Project Based Learning (PBL) has reached escape velocity. The small movement that began in the U.S. twenty years ago is rapidly becoming the teaching method of choice (and the hot topic of discussion) in virtually every country.
There is a simple reason for the ascendance: In an information-driven world that values an individual’s ability to develop an entrepreneurial mindset and a problem-solving skillset, nothing else works. The ‘doing’ is now the ‘knowing’, and seat time and certificates are fading as a good metric for competency. High-quality PBL, with its active, skill-oriented, problem-focused, and inquiry-based approach, is the answer to the challenge of the day.
But the world isn’t standing still. Two very large trends are becoming visible. First, globalization isn’t happening, it has happened. We’ve reached the point of culminating disruptions and instability in our political, social, environmental, and financial lives. The visible chaos will drive youth toward social entrepreneurship. In the next decade, expect a global youthquake—also known as a rebellion.
Second, events are pushing all of us, youth and adults, to develop deeper personal skills—in the form of empathy, curiosity, persistence, resiliency, and other attributes—critical to navigating the global environment. That’s why social-emotional learning has become as visible as PBL. While SEL needs to be built out into a more powerful strengths-based vision, including more SEL in classrooms is an overdue start on helping every young person develop the emotional capacity necessary for maintaining balance in an unbalanced world.
As a philosophy of inquiry, PBL offers a great framework for meeting these challenges. But the current version of PBL, as practiced in most schools, hasn’t shaken the legacy of the industrial mindset, in which the goal is to meet standards and master content. In the future, knowledge will matter, as it always has, but personal attributes and commitment to social entrepreneurship will matter equally and need to be the foundation for projects. In fact, the 2.0 version of PBL begins to resemble less a method for ‘learning’ than a system of team-based design, exploration, and problem solving—something we might characterize eventually as Project Based Design, or ‘PBD.’
How do we get to PBD? It starts by imagining a future PBL better suited to the issues of the future, and then being willing to follow the general world trend of rethinking best practices. Some possible steps:
- Replace the Standards-Based Formula with a Human Performance Mindset.

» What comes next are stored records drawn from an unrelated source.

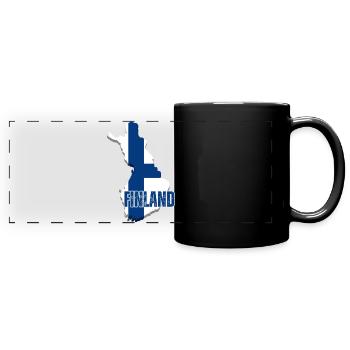 Finnish pride, flag of Finland - Full Colour Panoramic Mug - black - Front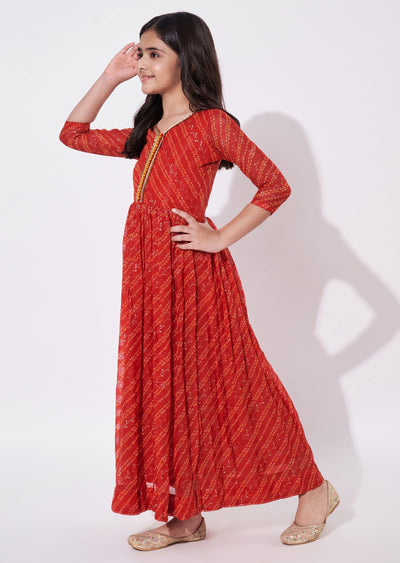 Red Chiffon Ethnic Gown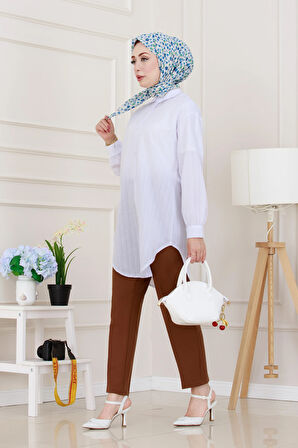 Göğüsü Taş Detaylı Oversize Tunik-Beyaz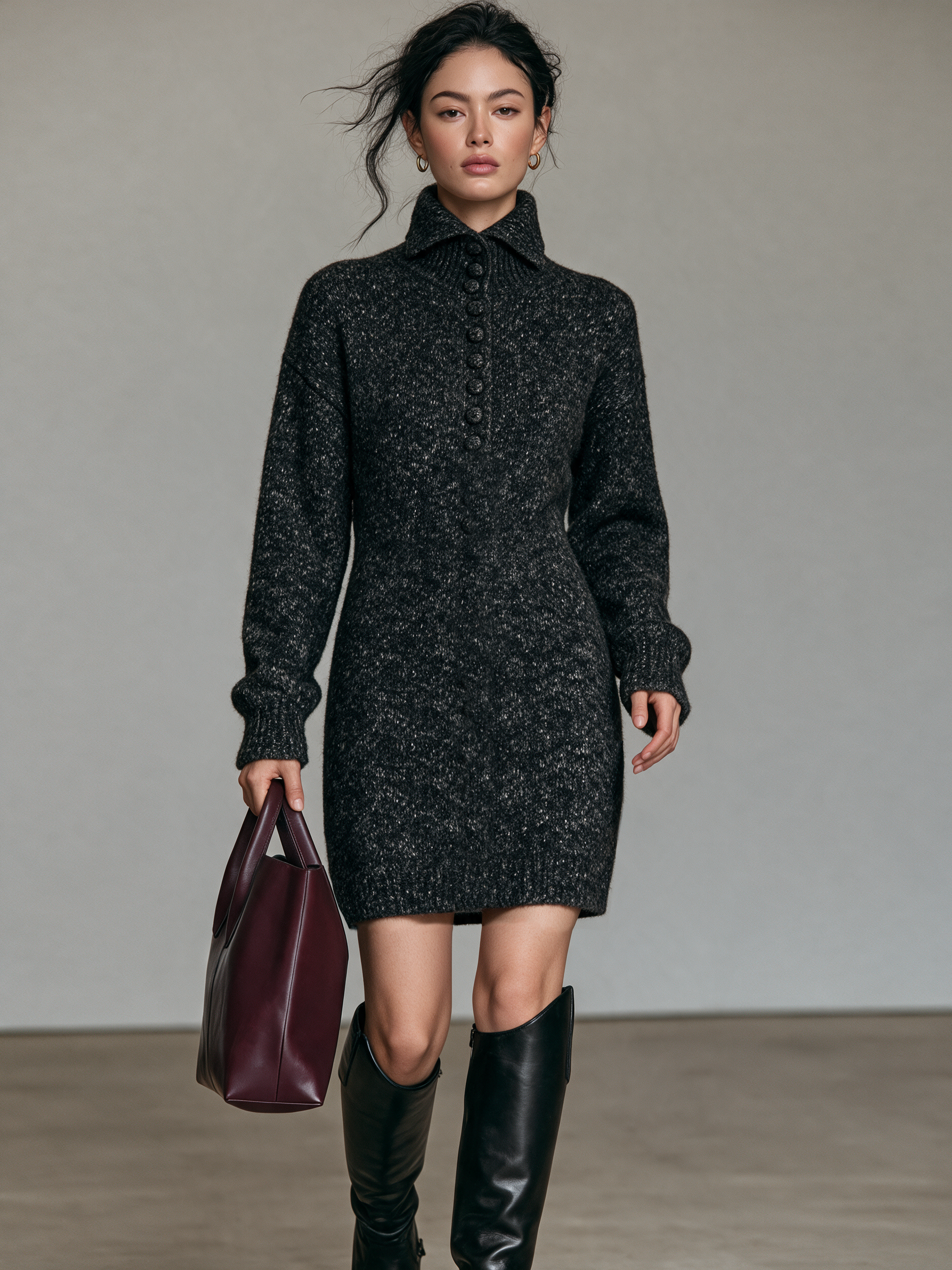 Women’s Vintage-style Button-detail High-neck Mini Sweater Dress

PBL was poorly named from the beginning, causing educators to confuse a method of instruction by teachers with the deeper promise and purpose of PBL: To help students experience personal and intellectual growth as they move through a process of problem solving. Mastery, purpose, and autonomy have been identified as the key factors in human performance. PBL is a perfect system for making these critical elements the foundation for learning. The next step? Always begin project work with an authentic challenge tied to purposeful engagement, not the material to be covered.
- Merge PBL and Human Centered Design. Many PBL teachers are skilled at establishing a Driving Question and requiring public products – two elements of high quality PBL. But the ‘middle’ of projects is often characterized by traditional teaching methods aimed at spurring ‘critical thinking’—a vague holdover from industrial times. PBL needs to capture a key shift in how the world solves problems by using design thinking. The next step? Incorporate the human centered design process – empathize, define, ideate, prototype, and test – as standard procedure in projects.

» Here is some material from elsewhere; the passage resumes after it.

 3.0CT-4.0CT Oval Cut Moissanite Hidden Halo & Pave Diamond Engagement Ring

- Shift from Test-Based Thinking to Skills Based Thinking. Educators have concluded that test-based results are a poor metric for the type of ‘rigor’ required in todays’ world. So, why do tests still prevail and predominate? Because we don’t know how to measure skills and personal process. But that is the exact mindshift and leap of faith required. Redefining rigor around skillfulness and ‘doing’, not merely the ‘knowing’, is an essential step forward. How can PBL advocates take that step? Put skill-based performance standards on par with testing outcomes. Use consistent, field-tested, rich rubrics that identify levels of mastery in communication, collaboration, presentation, and design outcomes.
- Focus on Deep Collaboration. PBL professes to use teams as part of the process but lags far behind the best thinking in industry on how people function effectively in a team through teamwork or teaming. Using the terminology of ‘groups’ is outdated; the language of teams invokes accountability, purpose, and cohesion. That should be standard practice in PBL.But there is a critical next step: Recognize that personal strengths develop through social-emotional interactions in a team and take time to coach students in the core skills and attitudes required for deep collaboration: Empathy, humility, listening, and assertiveness.

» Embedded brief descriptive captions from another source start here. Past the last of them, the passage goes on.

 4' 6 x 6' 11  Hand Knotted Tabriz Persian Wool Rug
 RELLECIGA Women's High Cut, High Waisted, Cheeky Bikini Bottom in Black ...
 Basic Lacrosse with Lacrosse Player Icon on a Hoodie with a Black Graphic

- Establish PBL Teachers as Co-Creative Intellectual Partners. It’s common now to speak of teachers as a guide on the side, and to refer to student ‘agency’—easy phrases not really backed by deeper introspection about how teachers and students will partner in the future. But the outline is clear: In todays’ creative, constructivist, information rich environment, it’s likely that teachers will know more than students about some things, and students will know more than teachers about other things. The power dynamic thus shifts dramatically and invites us to envision a deep teach/learn and learn/teach relationship between student and teacher. Inevitably, we will move in the direction of deep intellectual collaboration between parties in the learning space. A critical step in this direction: Teachers will no longer be able to rely on a credential or traditional professional development to craft a successful skill set for teaching. The emerging skill set includes personal openness, flexibility, humility, and the ability to listen and observe.